#### Records for the task

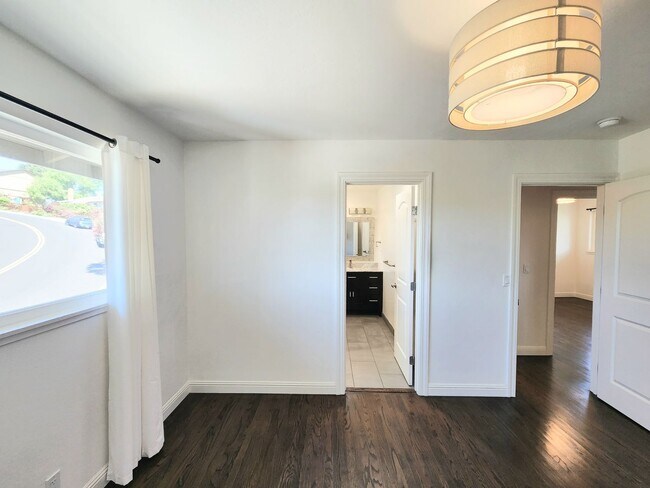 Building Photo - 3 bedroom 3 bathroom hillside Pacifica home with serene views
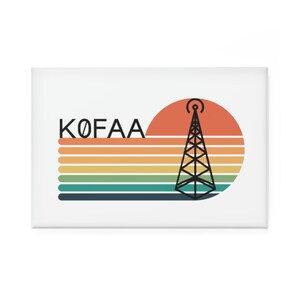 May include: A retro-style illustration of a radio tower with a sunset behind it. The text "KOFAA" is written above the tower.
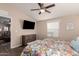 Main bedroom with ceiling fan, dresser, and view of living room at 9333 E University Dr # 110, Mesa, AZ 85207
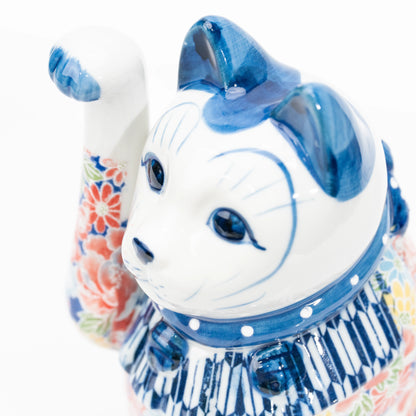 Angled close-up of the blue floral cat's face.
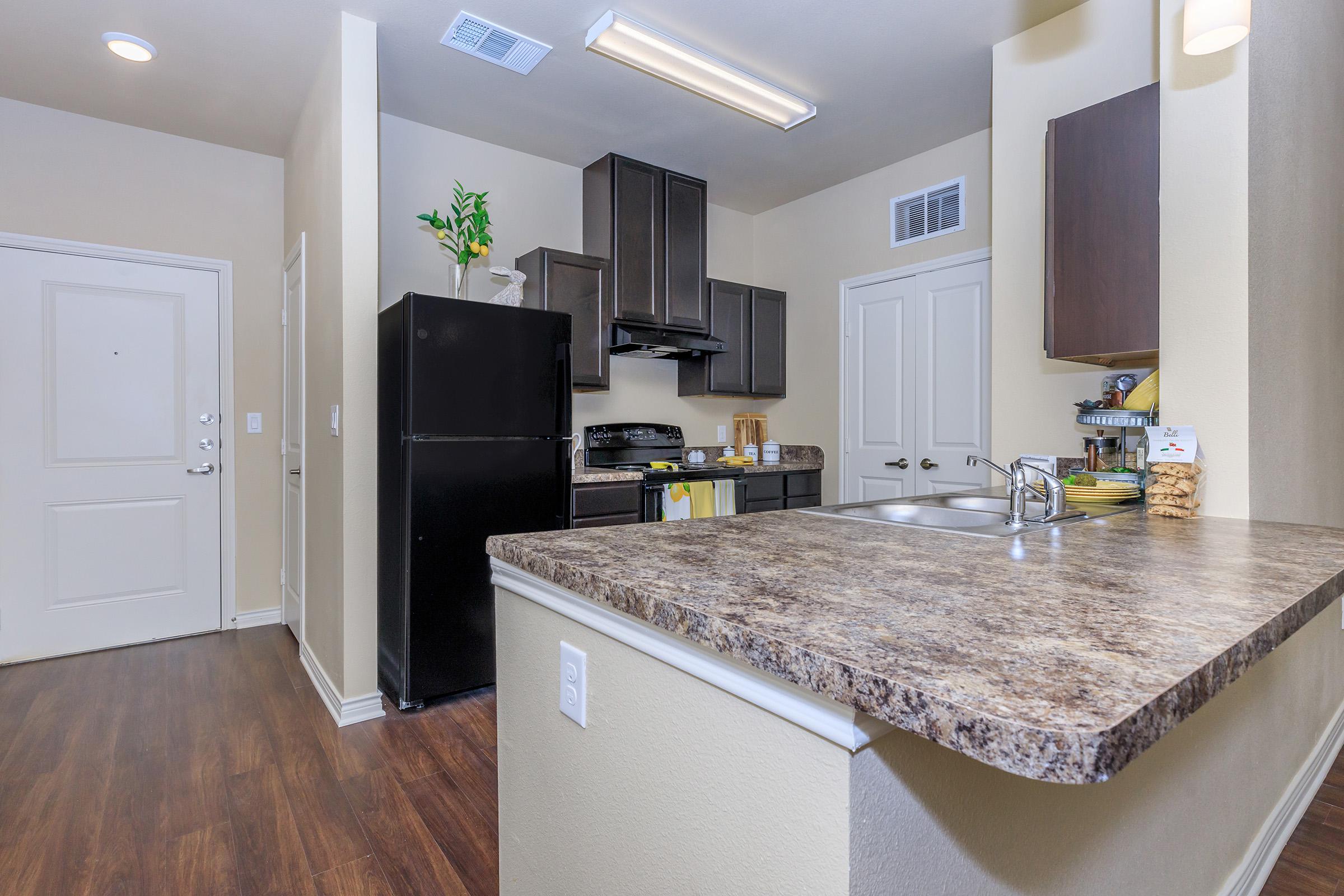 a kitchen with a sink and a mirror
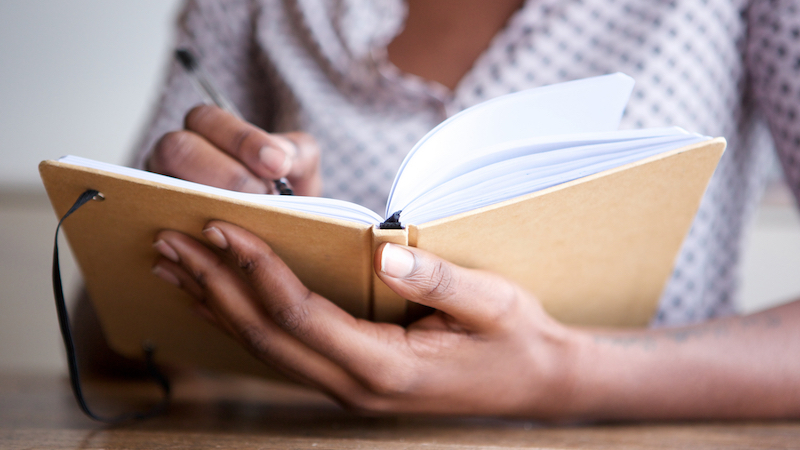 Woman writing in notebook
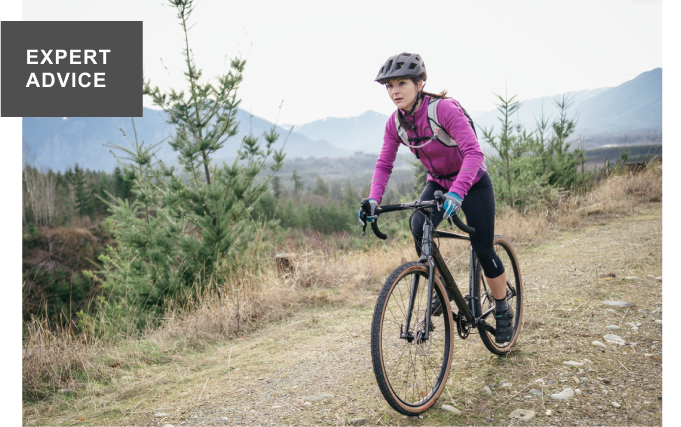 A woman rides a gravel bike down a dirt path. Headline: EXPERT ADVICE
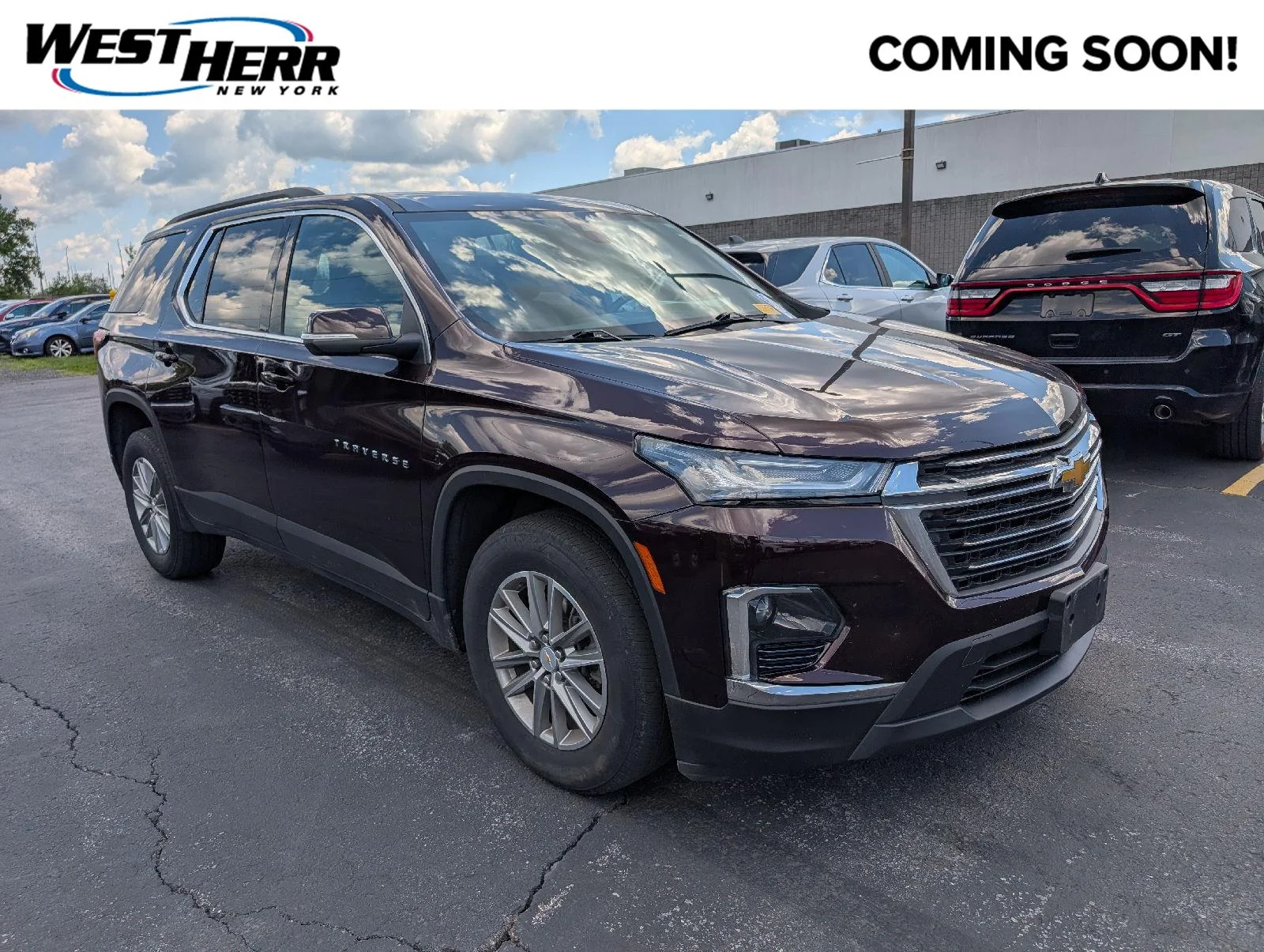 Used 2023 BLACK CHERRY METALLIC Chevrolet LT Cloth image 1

########

- How to complete this task -
Look above for the line with "May include: A" and the line with "Angled close-up of". Give again exactly those two lines and all lines between them, pictures excluded.

- Written reply -
 May include: A retro-style illustration of a radio tower with a sunset behind it. The text "KOFAA" is written above the tower.
 Main bedroom with ceiling fan, dresser, and view of living room at 9333 E University Dr # 110, Mesa, AZ 85207
 Angled close-up of the blue floral cat's face.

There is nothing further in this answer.